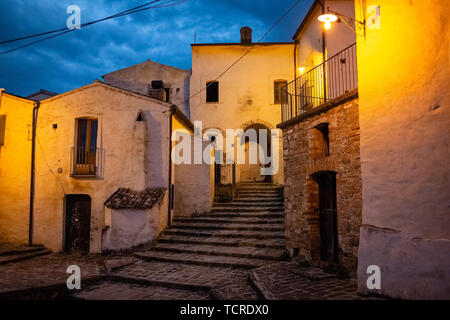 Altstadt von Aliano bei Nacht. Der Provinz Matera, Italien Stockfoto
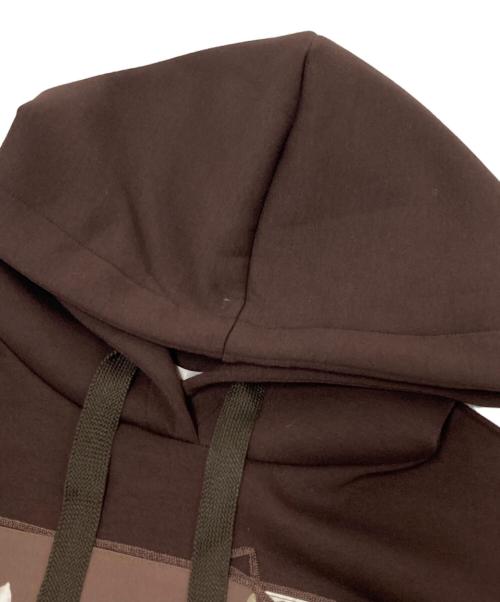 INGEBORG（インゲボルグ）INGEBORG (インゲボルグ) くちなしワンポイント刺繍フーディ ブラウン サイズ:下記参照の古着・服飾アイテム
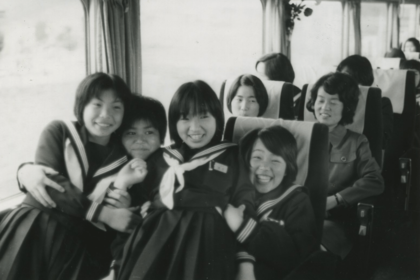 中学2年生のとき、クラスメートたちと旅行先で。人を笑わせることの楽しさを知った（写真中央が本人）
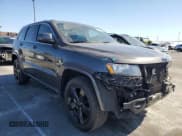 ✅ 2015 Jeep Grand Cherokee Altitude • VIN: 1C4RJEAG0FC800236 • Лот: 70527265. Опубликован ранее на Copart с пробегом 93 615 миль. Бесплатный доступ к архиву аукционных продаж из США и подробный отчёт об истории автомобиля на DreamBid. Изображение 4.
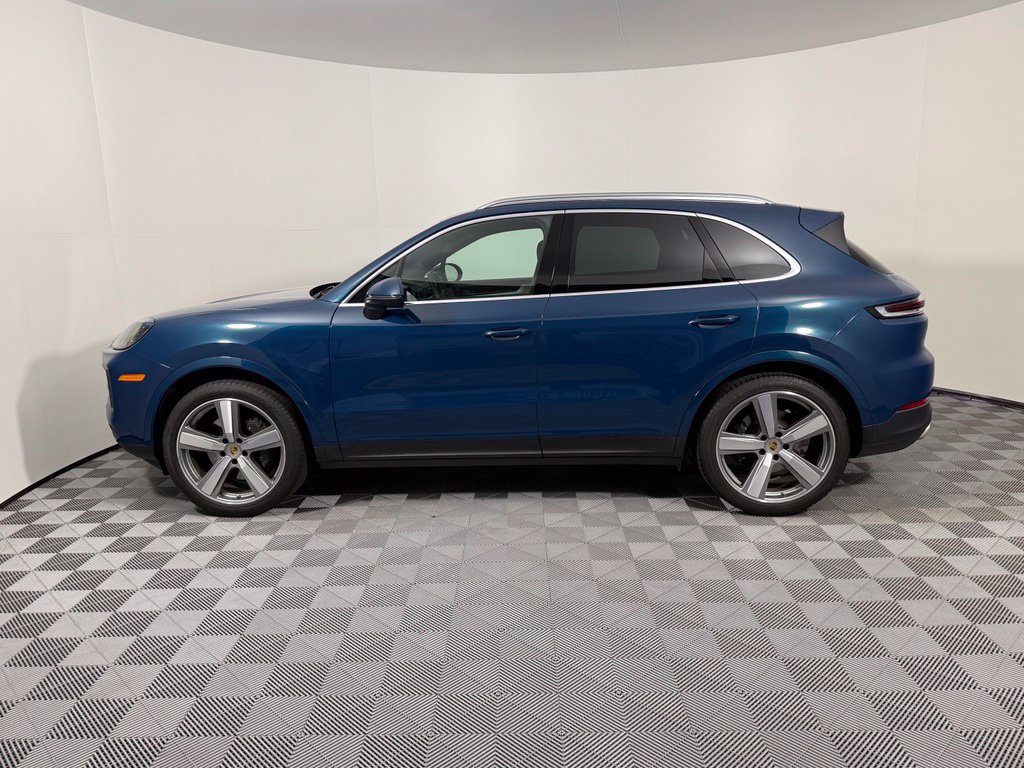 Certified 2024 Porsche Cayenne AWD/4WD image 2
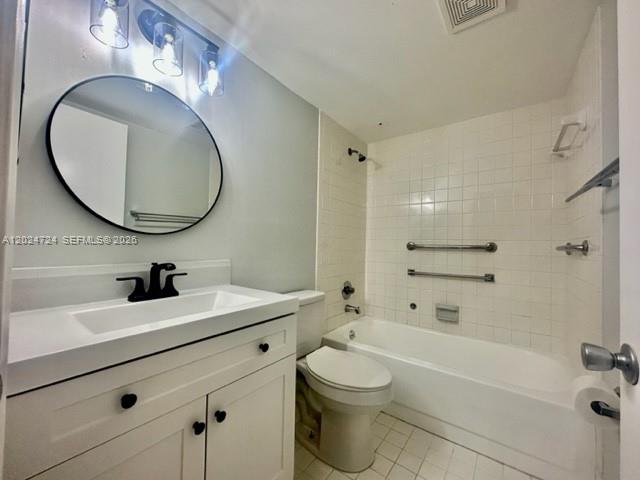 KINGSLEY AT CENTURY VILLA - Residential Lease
* * *
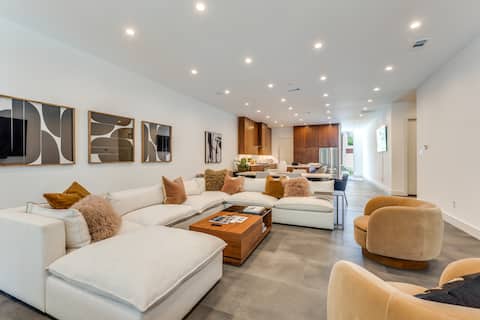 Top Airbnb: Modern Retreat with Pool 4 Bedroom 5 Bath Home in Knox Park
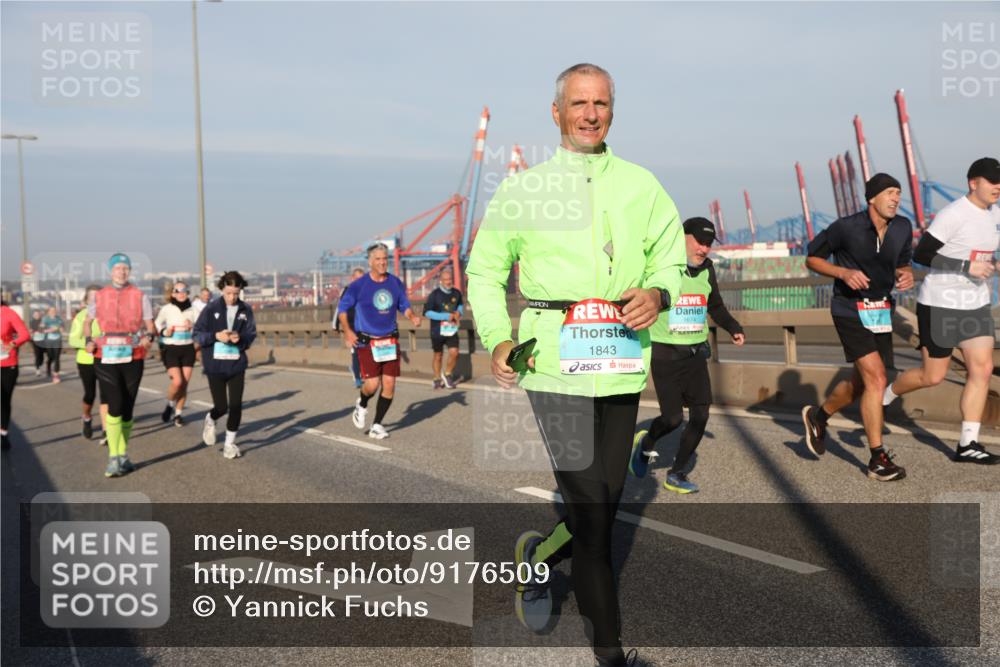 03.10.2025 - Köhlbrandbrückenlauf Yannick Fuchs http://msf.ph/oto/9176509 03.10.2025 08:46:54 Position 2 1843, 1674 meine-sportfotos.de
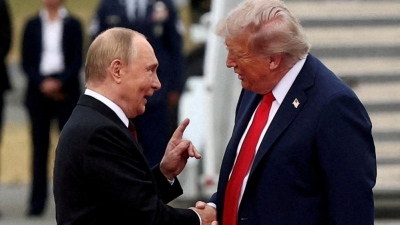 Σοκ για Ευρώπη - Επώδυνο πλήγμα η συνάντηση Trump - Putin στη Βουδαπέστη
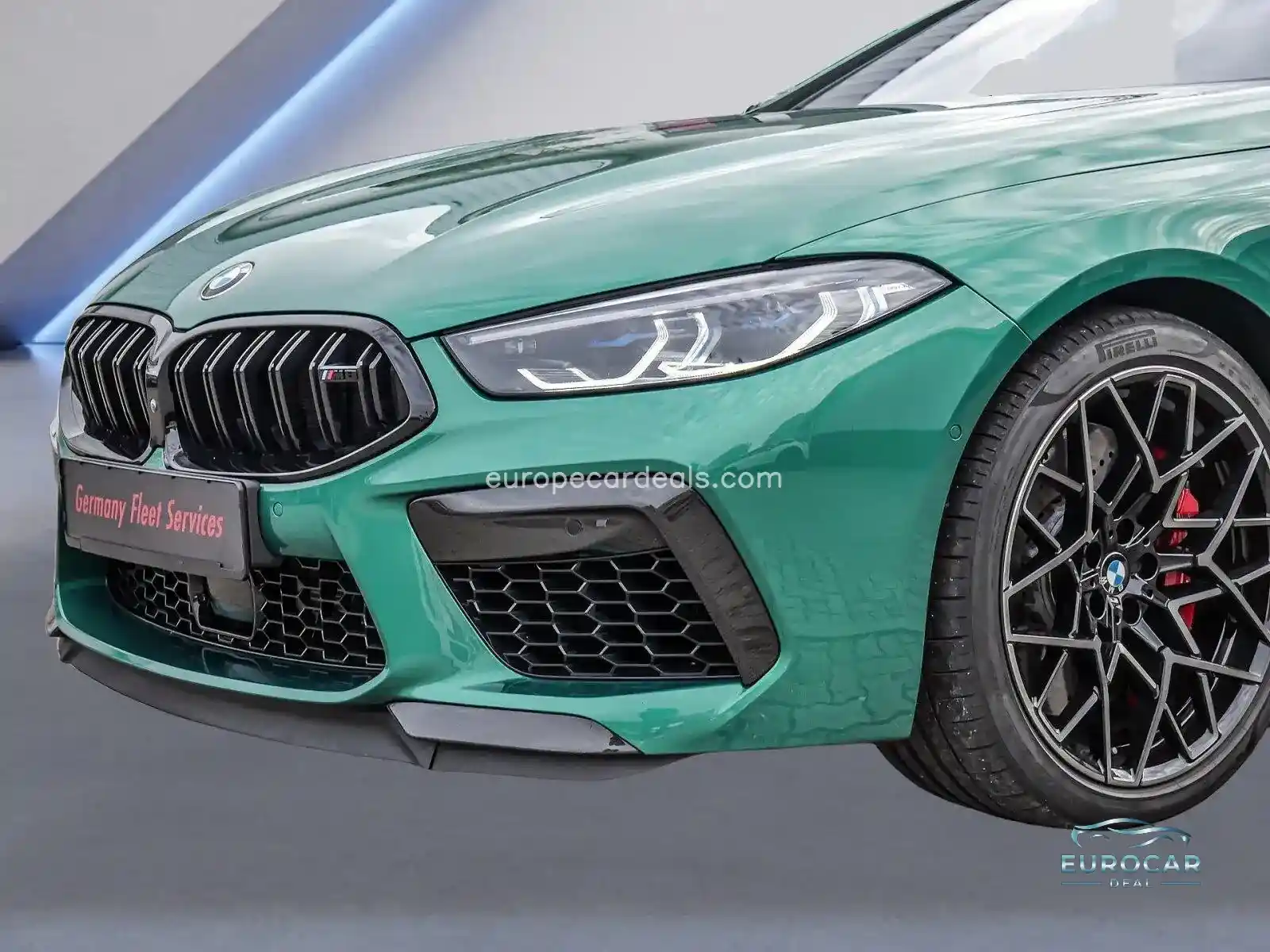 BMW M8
* * *
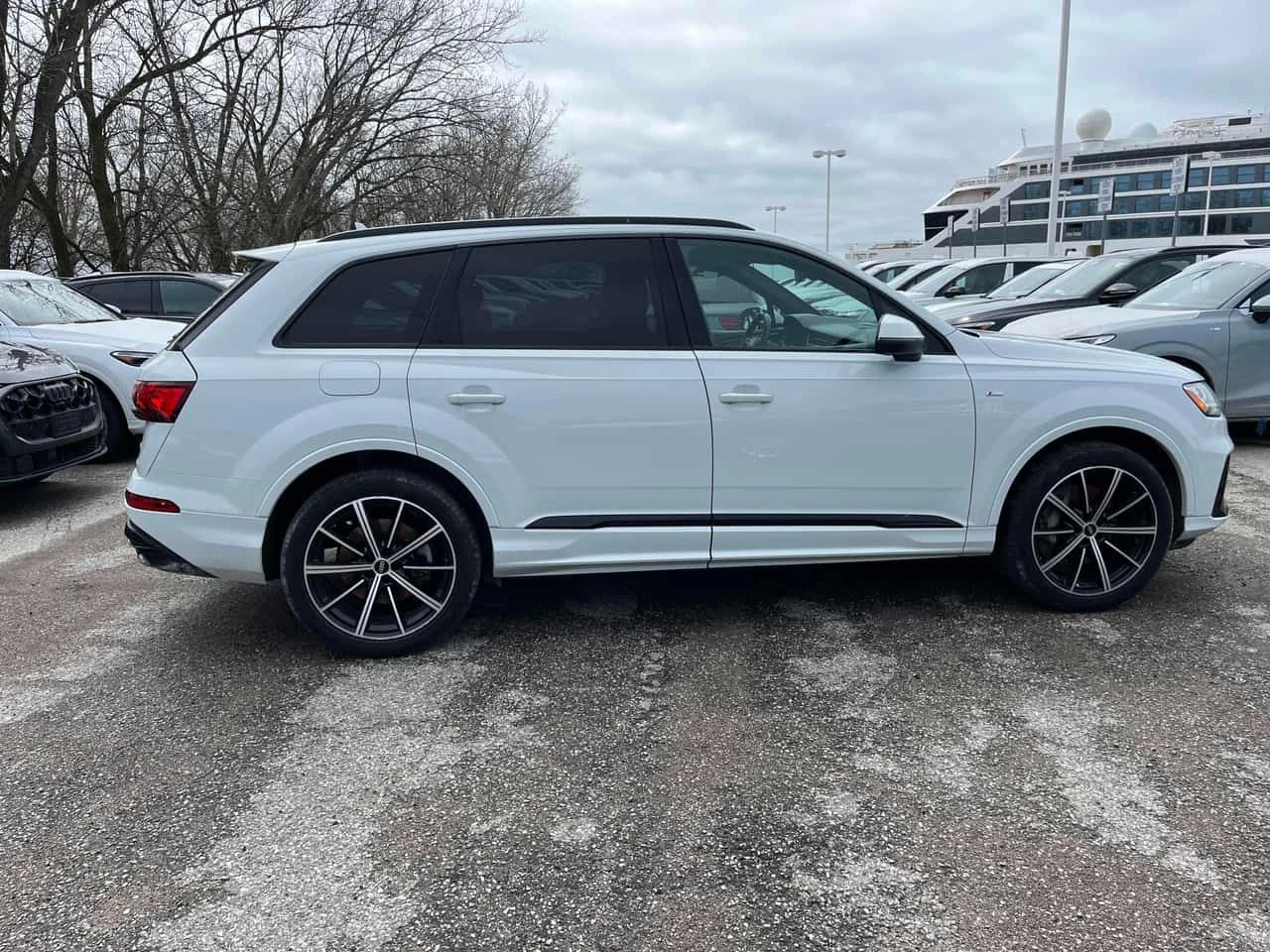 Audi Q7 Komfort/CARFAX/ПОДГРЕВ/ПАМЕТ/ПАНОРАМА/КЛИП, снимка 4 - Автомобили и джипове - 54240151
* * *
> _Task description_:
Give again, exactly as written above, each line from the one that has "Altstadt von Aliano" to the one that has "KINGSLEY AT CENTURY", both included; omit the pictures.

> _Result of the exercise_:
 Altstadt von Aliano bei Nacht. Der Provinz Matera, Italien Stockfoto
 INGEBORG（インゲボルグ）INGEBORG (インゲボルグ) くちなしワンポイント刺繍フーディ ブラウン サイズ:下記参照の古着・服飾アイテム
 中学2年生のとき、クラスメートたちと旅行先で。人を笑わせることの楽しさを知った（写真中央が本人）
 ✅ 2015 Jeep Grand Cherokee Altitude • VIN: 1C4RJEAG0FC800236 • Лот: 70527265. Опубликован ранее на Copart с пробегом 93 615 миль. Бесплатный доступ к архиву аукционных продаж из США и подробный отчёт об истории автомобиля на DreamBid. Изображение 4.
 Certified 2024 Porsche Cayenne AWD/4WD image 2
 KINGSLEY AT CENTURY VILLA - Residential Lease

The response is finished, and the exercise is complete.